::: Data under study
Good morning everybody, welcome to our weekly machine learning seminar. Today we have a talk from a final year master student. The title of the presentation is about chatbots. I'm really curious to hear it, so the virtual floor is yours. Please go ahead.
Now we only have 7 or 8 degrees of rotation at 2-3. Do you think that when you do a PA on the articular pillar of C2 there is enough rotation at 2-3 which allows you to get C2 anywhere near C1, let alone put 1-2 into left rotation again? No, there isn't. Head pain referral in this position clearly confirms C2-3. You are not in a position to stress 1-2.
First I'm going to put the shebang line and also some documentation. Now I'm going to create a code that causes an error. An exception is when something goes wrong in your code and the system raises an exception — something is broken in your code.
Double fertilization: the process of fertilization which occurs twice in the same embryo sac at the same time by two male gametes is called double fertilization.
::::::
::: Data under study
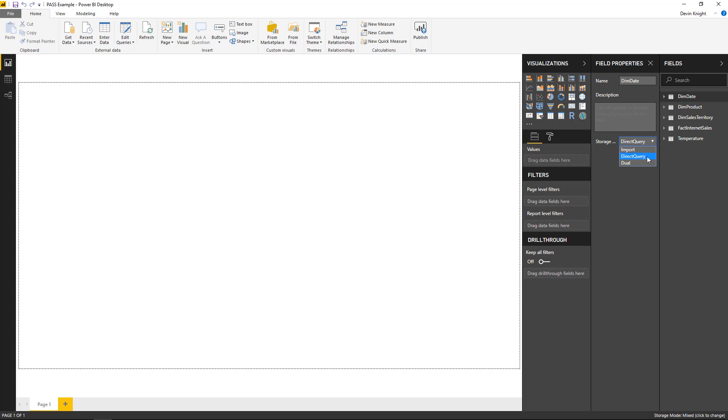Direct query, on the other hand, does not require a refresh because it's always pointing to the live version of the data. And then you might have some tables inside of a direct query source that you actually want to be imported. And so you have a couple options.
::::::
- Activity:
Copy out only the lines above from the one with "First I'm going" to the one with "Double fertilization: the", inclusive, exactly as they stand.

- Answer below:
First I'm going to put the shebang line and also some documentation. Now I'm going to create a code that causes an error. An exception is when something goes wrong in your code and the system raises an exception — something is broken in your code.
Double fertilization: the process of fertilization which occurs twice in the same embryo sac at the same time by two male gametes is called double fertilization.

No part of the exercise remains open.